Tensões entre EUA e Irã escalam após colapso de memorando
O acordo de paz firmado em 17 de junho colapsou, resultando em ataques militares diretos e ameaças de retaliação entre Washington e Teerã.
Pontos principais
- O memorando de entendimento, assinado em 17 de junho, fracassou em menos de duas semanas devido a divergências sobre o Estreito de Ormuz.
- A crise evoluiu para ataques militares diretos, com bombardeios dos EUA no Irã e retaliações iranianas contra bases no Kuwait e Bahrein.
- O presidente Donald Trump emitiu ameaças severas à liderança iraniana diante da continuidade das hostilidades na região.
- A ONU chegou a planejar a evacuação de embarcações no Golfo, mas suspendeu a operação devido à instabilidade crescente.
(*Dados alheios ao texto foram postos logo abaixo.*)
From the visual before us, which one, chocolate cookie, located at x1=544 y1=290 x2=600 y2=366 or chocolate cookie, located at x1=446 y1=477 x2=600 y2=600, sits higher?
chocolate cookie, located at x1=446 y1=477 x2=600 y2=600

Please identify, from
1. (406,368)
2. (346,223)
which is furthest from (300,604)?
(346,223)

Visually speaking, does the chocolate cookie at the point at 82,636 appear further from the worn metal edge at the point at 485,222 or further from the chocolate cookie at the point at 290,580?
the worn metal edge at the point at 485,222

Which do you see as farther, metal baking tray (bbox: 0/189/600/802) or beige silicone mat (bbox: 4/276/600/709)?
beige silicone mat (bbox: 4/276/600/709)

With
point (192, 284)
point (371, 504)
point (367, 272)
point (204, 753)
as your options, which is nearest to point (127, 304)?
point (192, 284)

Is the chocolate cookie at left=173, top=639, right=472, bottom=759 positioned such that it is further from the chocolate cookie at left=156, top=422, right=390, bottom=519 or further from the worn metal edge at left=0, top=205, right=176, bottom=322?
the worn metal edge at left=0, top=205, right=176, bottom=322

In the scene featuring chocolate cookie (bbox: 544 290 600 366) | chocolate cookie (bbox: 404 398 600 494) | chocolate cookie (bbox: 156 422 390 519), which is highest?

O memorando de entendimento assinado em 17 de junho entre Estados Unidos e Irã colapsou em menos de duas semanas, desencadeando uma escalada militar sem precedentes no Golfo. O fracasso do acordo, motivado por interpretações conflitantes sobre a navegação no Estreito de Ormuz e a continuidade dos confrontos entre Israel e Hezbollah, resultou em ataques diretos. As forças americanas bombardearam alvos iranianos, enquanto Teerã respondeu com ofensivas contra bases dos EUA no Kuwait e no Bahrein. Em meio ao agravamento do cenário, o presidente Donald Trump ameaçou a liderança iraniana, elevando o risco de um conflito em larga escala. A situação de insegurança na região levou a ONU a considerar planos de evacuação marítima, que foram posteriormente suspensos devido à volatilidade dos combates, consolidando o fim dos esforços diplomáticos recentes.